Environ six mois ont passé. Le terme de la grossesse de Roger est proche. La pièce est la même que pour les actes précédents, mais tout le mobilier a été changé ; l'acajou est preuve de richesse obtenue, un superbe sofa a été installé au milieu du salon. Des photos montrant l'évolution des enfants sont clouées sur le mur.

Actuellement,Roger est installé sur le sofa, le ventre gros ; Irène feuillète des brochures de musculation : elle porte la moustache, et ses cheveux sont coupés. Un pantalon cuir moulant atteste de la présence d'organes inexistants auparavant Seule un reste de poitrine laisse deviner qu'auparavant Irène était bien une fille. A ses côtés se trouve Claudine, qui semble avoir profité de la situation, sa tenue vestimentaire étant restée sexy mais plus chic.

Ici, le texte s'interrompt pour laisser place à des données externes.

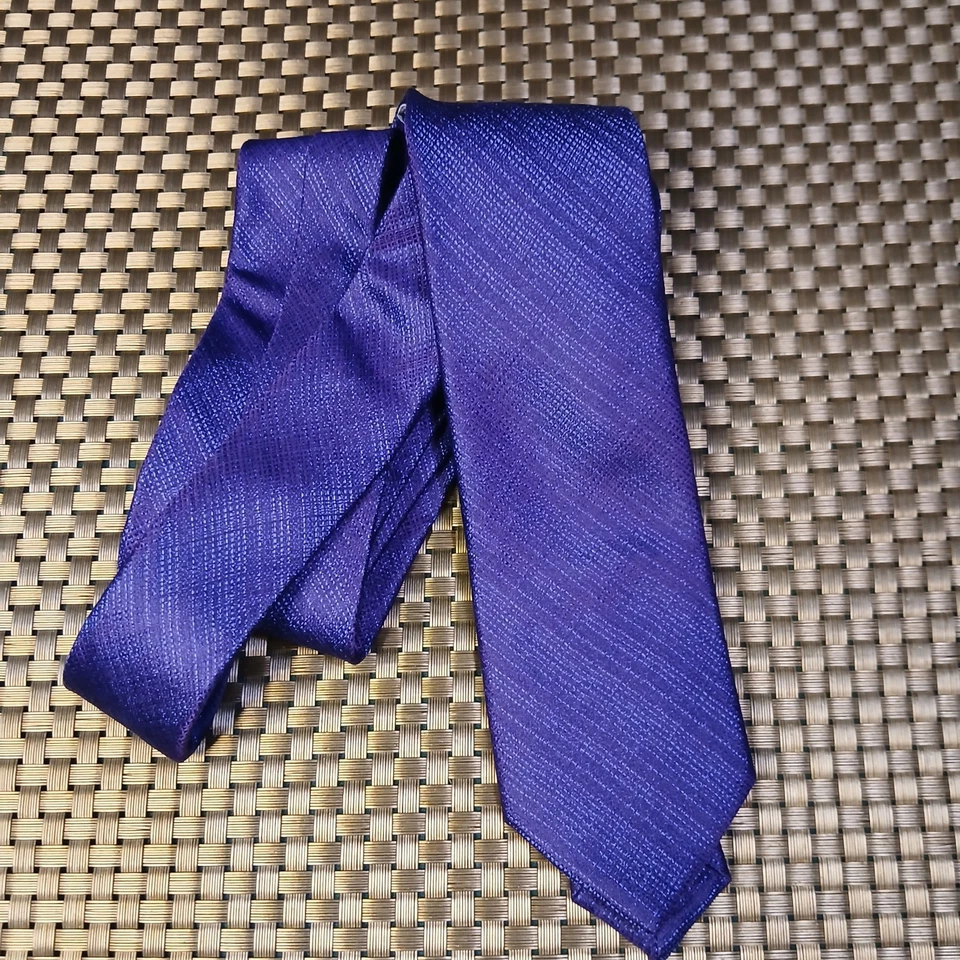 Corbata de diseñador hecha a mano púrpura mezcla seda para hombre Kenneth Cole Awearness (0548) Foto 2 de 4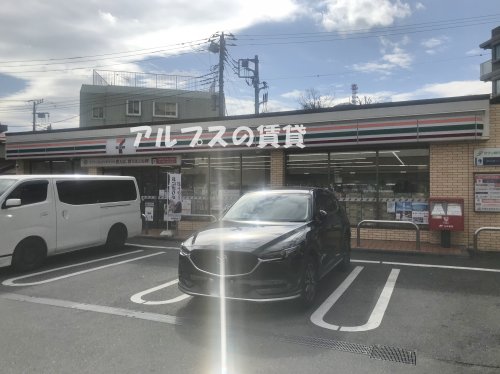 コンビニ　セブンイレブン 横浜上星川3丁目店（コンビニ）まで492m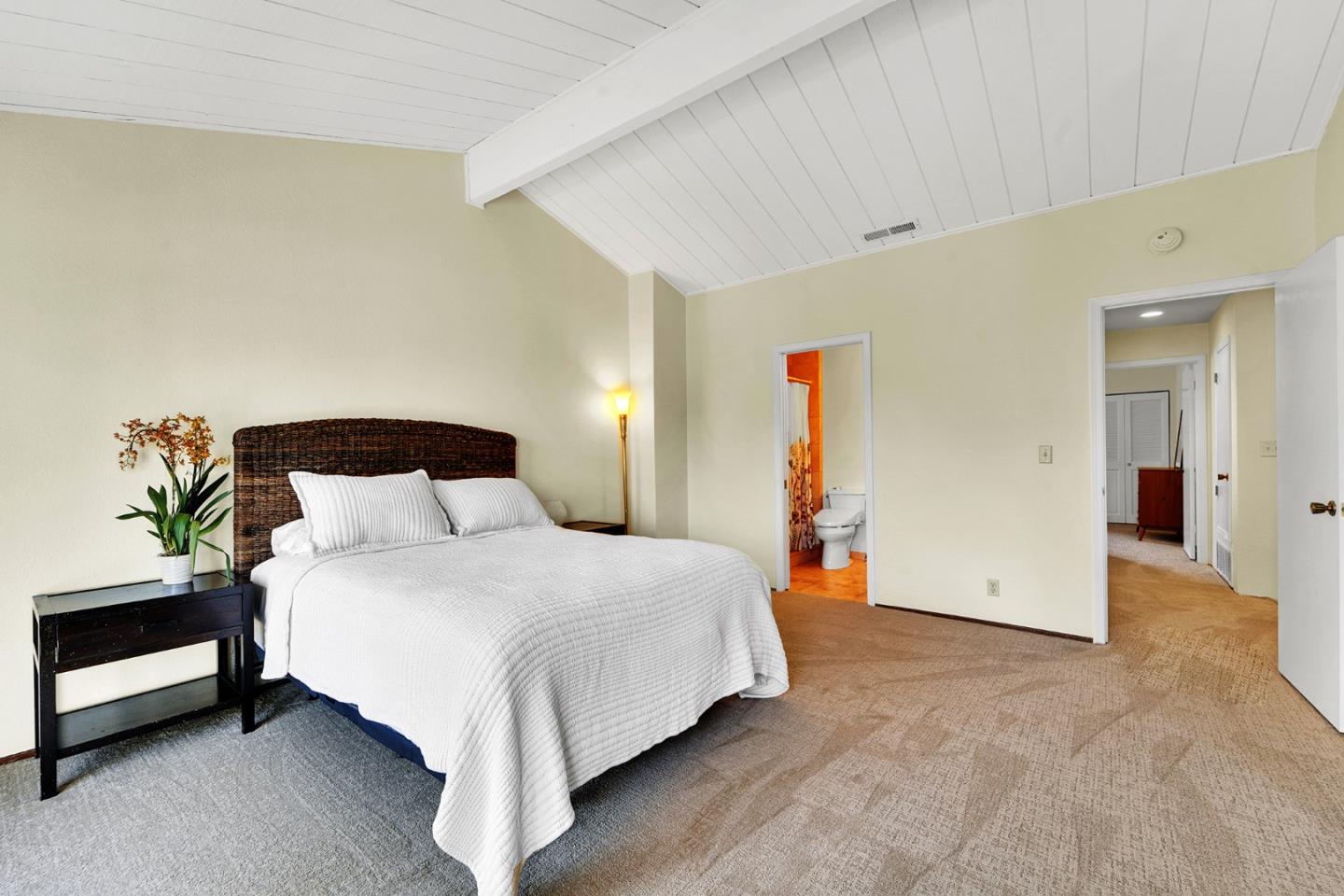 Detail Gallery Image 21 of 40 For 2958 Leotar Cir, Santa Cruz,  CA 95062 - 2 Beds | 2/1 Baths
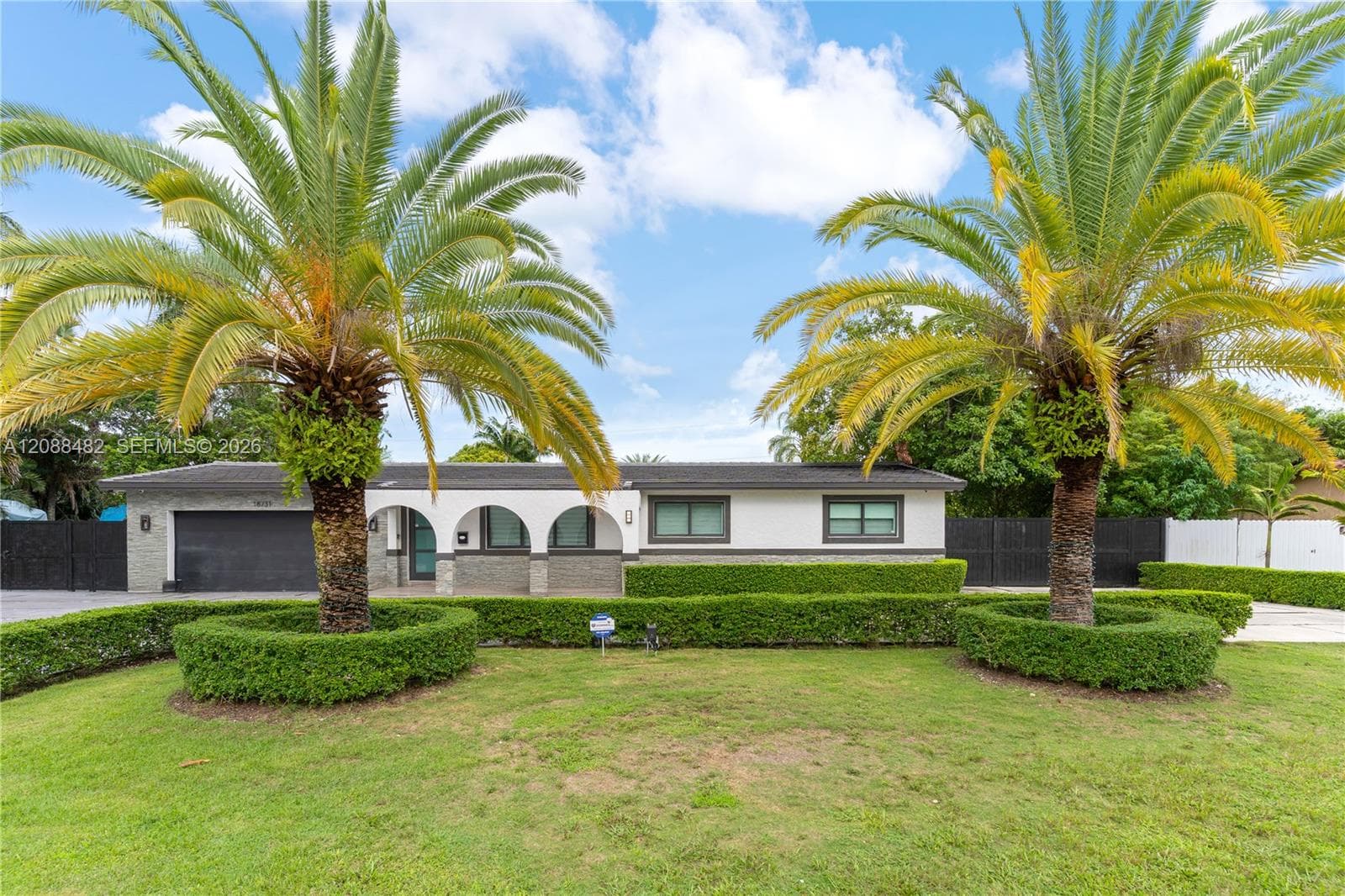 18731 SW 87th Ave, Cutler Bay FL 33157 - Cutler Bay, FL - Photo 1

Le père est assis derrière son bureau. Face à lui, des tas de papiers. Mais contrairement à l'acte 1, son front n'est pas renfrogné, mais plutôt heureux. Il compte.


LE PERE, ROGER, IRÈNE, CLAUDINE


LE PÈRE : Super ! Si mes comptes sont bons, on a reçu en moyenne vingt personnes par jour, durant six mois, pour une rentrée moyenne de trois mille francs par visiteur, ce qui donne exactement dix millions huit cent soixante mille francs de gains... De plus, je ne compte pas tous les gains obtenus suite aux publications des journaux, pour le droit à l'image…

ROGER : Mais nous avons une perte inestimable ... C'est maman ...

LE PÈRE : Ne t'inquiètes pas ... Lorsque ta grand-mère lui coupera les ponts, elle reviendra vite vers nous ... Tu sais bien qu'elle ne peut se passer de rouge à lèvres ... Et pour se réconcilier, nous lui offrirons tout de même ce voyage dont elle ne voulait pas.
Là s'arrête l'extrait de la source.